- _DIRECTIONS FOR THIS TASK_
The records below must be returned in full and unaltered.

- _ENTRIES SUPPLIED_
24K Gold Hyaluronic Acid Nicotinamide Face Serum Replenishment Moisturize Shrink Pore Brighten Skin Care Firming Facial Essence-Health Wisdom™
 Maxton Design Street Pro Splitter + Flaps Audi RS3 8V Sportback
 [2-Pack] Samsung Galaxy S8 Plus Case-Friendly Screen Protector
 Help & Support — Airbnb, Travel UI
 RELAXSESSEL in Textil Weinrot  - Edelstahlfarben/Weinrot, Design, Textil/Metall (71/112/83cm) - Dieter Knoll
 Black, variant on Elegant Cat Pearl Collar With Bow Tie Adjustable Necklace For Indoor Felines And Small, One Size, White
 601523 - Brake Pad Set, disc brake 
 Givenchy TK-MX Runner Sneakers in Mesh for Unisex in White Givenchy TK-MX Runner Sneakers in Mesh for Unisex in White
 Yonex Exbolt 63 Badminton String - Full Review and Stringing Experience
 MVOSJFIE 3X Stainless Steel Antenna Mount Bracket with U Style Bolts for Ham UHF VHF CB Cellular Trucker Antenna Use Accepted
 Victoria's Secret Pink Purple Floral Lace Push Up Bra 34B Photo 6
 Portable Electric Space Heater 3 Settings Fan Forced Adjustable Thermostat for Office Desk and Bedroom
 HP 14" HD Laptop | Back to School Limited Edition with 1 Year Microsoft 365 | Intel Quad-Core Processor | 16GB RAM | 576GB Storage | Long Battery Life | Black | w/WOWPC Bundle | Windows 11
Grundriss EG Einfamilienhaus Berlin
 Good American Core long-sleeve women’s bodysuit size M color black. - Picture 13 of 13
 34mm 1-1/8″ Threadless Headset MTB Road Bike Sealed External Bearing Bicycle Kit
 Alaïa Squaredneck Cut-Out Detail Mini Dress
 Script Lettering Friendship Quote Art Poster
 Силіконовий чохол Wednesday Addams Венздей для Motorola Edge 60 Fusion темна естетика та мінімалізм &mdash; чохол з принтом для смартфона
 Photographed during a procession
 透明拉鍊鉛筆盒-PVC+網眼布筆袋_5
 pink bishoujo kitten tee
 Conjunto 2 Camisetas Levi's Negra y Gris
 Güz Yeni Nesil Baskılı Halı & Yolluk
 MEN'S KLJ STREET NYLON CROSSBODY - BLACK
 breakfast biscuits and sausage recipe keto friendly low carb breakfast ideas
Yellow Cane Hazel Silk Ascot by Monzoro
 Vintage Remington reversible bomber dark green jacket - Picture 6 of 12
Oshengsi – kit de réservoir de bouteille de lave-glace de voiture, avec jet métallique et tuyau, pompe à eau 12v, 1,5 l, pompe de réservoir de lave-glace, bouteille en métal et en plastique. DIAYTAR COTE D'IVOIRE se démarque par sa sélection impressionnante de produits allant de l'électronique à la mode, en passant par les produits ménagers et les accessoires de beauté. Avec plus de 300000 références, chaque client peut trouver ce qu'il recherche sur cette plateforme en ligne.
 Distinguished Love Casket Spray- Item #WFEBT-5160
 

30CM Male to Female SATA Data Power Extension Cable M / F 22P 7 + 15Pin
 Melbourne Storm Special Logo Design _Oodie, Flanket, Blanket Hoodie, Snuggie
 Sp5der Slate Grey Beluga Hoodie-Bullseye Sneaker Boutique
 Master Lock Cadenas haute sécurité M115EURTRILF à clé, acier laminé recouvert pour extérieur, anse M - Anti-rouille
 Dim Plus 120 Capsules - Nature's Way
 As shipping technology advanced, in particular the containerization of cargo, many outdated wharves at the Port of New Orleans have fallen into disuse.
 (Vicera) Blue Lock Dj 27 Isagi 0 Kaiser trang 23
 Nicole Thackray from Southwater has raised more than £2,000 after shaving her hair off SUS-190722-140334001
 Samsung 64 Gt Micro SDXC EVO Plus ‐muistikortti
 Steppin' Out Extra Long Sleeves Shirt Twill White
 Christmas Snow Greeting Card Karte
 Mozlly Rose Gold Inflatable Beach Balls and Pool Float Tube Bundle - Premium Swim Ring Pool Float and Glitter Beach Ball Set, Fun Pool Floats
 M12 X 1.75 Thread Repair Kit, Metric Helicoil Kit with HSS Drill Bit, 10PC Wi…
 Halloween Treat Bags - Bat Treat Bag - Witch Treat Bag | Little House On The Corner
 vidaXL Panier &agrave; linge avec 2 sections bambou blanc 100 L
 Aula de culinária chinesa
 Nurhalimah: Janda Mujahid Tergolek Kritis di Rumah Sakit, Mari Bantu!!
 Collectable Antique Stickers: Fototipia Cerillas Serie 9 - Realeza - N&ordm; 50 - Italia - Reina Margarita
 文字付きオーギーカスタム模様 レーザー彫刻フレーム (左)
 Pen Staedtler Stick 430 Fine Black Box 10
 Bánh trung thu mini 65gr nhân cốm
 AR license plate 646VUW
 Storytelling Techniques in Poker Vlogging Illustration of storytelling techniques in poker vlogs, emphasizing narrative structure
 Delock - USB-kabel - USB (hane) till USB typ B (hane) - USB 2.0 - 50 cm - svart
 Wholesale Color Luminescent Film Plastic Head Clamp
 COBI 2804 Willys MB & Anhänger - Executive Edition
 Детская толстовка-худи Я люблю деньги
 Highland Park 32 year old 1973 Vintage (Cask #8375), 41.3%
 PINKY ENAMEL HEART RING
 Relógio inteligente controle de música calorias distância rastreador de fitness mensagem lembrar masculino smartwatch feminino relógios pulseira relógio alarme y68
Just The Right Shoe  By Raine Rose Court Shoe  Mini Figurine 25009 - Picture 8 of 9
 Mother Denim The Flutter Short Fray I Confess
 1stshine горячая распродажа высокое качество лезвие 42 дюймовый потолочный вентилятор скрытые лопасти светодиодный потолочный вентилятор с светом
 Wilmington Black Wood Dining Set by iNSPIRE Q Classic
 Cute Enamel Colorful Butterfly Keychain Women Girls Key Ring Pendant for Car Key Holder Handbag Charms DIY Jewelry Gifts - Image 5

- _TASK OUTPUT_
24K Gold Hyaluronic Acid Nicotinamide Face Serum Replenishment Moisturize Shrink Pore Brighten Skin Care Firming Facial Essence-Health Wisdom™
 Maxton Design Street Pro Splitter + Flaps Audi RS3 8V Sportback
 [2-Pack] Samsung Galaxy S8 Plus Case-Friendly Screen Protector
 Help & Support — Airbnb, Travel UI
 RELAXSESSEL in Textil Weinrot  - Edelstahlfarben/Weinrot, Design, Textil/Metall (71/112/83cm) - Dieter Knoll
 Black, variant on Elegant Cat Pearl Collar With Bow Tie Adjustable Necklace For Indoor Felines And Small, One Size, White
 601523 - Brake Pad Set, disc brake 
 Givenchy TK-MX Runner Sneakers in Mesh for Unisex in White Givenchy TK-MX Runner Sneakers in Mesh for Unisex in White
 Yonex Exbolt 63 Badminton String - Full Review and Stringing Experience
 MVOSJFIE 3X Stainless Steel Antenna Mount Bracket with U Style Bolts for Ham UHF VHF CB Cellular Trucker Antenna Use Accepted
 Victoria's Secret Pink Purple Floral Lace Push Up Bra 34B Photo 6
 Portable Electric Space Heater 3 Settings Fan Forced Adjustable Thermostat for Office Desk and Bedroom
 HP 14" HD Laptop | Back to School Limited Edition with 1 Year Microsoft 365 | Intel Quad-Core Processor | 16GB RAM | 576GB Storage | Long Battery Life | Black | w/WOWPC Bundle | Windows 11
Grundriss EG Einfamilienhaus Berlin
 Good American Core long-sleeve women’s bodysuit size M color black. - Picture 13 of 13
 34mm 1-1/8″ Threadless Headset MTB Road Bike Sealed External Bearing Bicycle Kit
 Alaïa Squaredneck Cut-Out Detail Mini Dress
 Script Lettering Friendship Quote Art Poster
 Силіконовий чохол Wednesday Addams Венздей для Motorola Edge 60 Fusion темна естетика та мінімалізм &mdash; чохол з принтом для смартфона
 Photographed during a procession
 透明拉鍊鉛筆盒-PVC+網眼布筆袋_5
 pink bishoujo kitten tee
 Conjunto 2 Camisetas Levi's Negra y Gris
 Güz Yeni Nesil Baskılı Halı & Yolluk
 MEN'S KLJ STREET NYLON CROSSBODY - BLACK
 breakfast biscuits and sausage recipe keto friendly low carb breakfast ideas
Yellow Cane Hazel Silk Ascot by Monzoro
 Vintage Remington reversible bomber dark green jacket - Picture 6 of 12
Oshengsi – kit de réservoir de bouteille de lave-glace de voiture, avec jet métallique et tuyau, pompe à eau 12v, 1,5 l, pompe de réservoir de lave-glace, bouteille en métal et en plastique. DIAYTAR COTE D'IVOIRE se démarque par sa sélection impressionnante de produits allant de l'électronique à la mode, en passant par les produits ménagers et les accessoires de beauté. Avec plus de 300000 références, chaque client peut trouver ce qu'il recherche sur cette plateforme en ligne.
 Distinguished Love Casket Spray- Item #WFEBT-5160
 

30CM Male to Female SATA Data Power Extension Cable M / F 22P 7 + 15Pin
 Melbourne Storm Special Logo Design _Oodie, Flanket, Blanket Hoodie, Snuggie
 Sp5der Slate Grey Beluga Hoodie-Bullseye Sneaker Boutique
 Master Lock Cadenas haute sécurité M115EURTRILF à clé, acier laminé recouvert pour extérieur, anse M - Anti-rouille
 Dim Plus 120 Capsules - Nature's Way
 As shipping technology advanced, in particular the containerization of cargo, many outdated wharves at the Port of New Orleans have fallen into disuse.
 (Vicera) Blue Lock Dj 27 Isagi 0 Kaiser trang 23
 Nicole Thackray from Southwater has raised more than £2,000 after shaving her hair off SUS-190722-140334001
 Samsung 64 Gt Micro SDXC EVO Plus ‐muistikortti
 Steppin' Out Extra Long Sleeves Shirt Twill White
 Christmas Snow Greeting Card Karte
 Mozlly Rose Gold Inflatable Beach Balls and Pool Float Tube Bundle - Premium Swim Ring Pool Float and Glitter Beach Ball Set, Fun Pool Floats
 M12 X 1.75 Thread Repair Kit, Metric Helicoil Kit with HSS Drill Bit, 10PC Wi…
 Halloween Treat Bags - Bat Treat Bag - Witch Treat Bag | Little House On The Corner
 vidaXL Panier &agrave; linge avec 2 sections bambou blanc 100 L
 Aula de culinária chinesa
 Nurhalimah: Janda Mujahid Tergolek Kritis di Rumah Sakit, Mari Bantu!!
 Collectable Antique Stickers: Fototipia Cerillas Serie 9 - Realeza - N&ordm; 50 - Italia - Reina Margarita
 文字付きオーギーカスタム模様 レーザー彫刻フレーム (左)
 Pen Staedtler Stick 430 Fine Black Box 10
 Bánh trung thu mini 65gr nhân cốm
 AR license plate 646VUW
 Storytelling Techniques in Poker Vlogging Illustration of storytelling techniques in poker vlogs, emphasizing narrative structure
 Delock - USB-kabel - USB (hane) till USB typ B (hane) - USB 2.0 - 50 cm - svart
 Wholesale Color Luminescent Film Plastic Head Clamp
 COBI 2804 Willys MB & Anhänger - Executive Edition
 Детская толстовка-худи Я люблю деньги
 Highland Park 32 year old 1973 Vintage (Cask #8375), 41.3%
 PINKY ENAMEL HEART RING
 Relógio inteligente controle de música calorias distância rastreador de fitness mensagem lembrar masculino smartwatch feminino relógios pulseira relógio alarme y68
Just The Right Shoe  By Raine Rose Court Shoe  Mini Figurine 25009 - Picture 8 of 9
 Mother Denim The Flutter Short Fray I Confess
 1stshine горячая распродажа высокое качество лезвие 42 дюймовый потолочный вентилятор скрытые лопасти светодиодный потолочный вентилятор с светом
 Wilmington Black Wood Dining Set by iNSPIRE Q Classic
 Cute Enamel Colorful Butterfly Keychain Women Girls Key Ring Pendant for Car Key Holder Handbag Charms DIY Jewelry Gifts - Image 5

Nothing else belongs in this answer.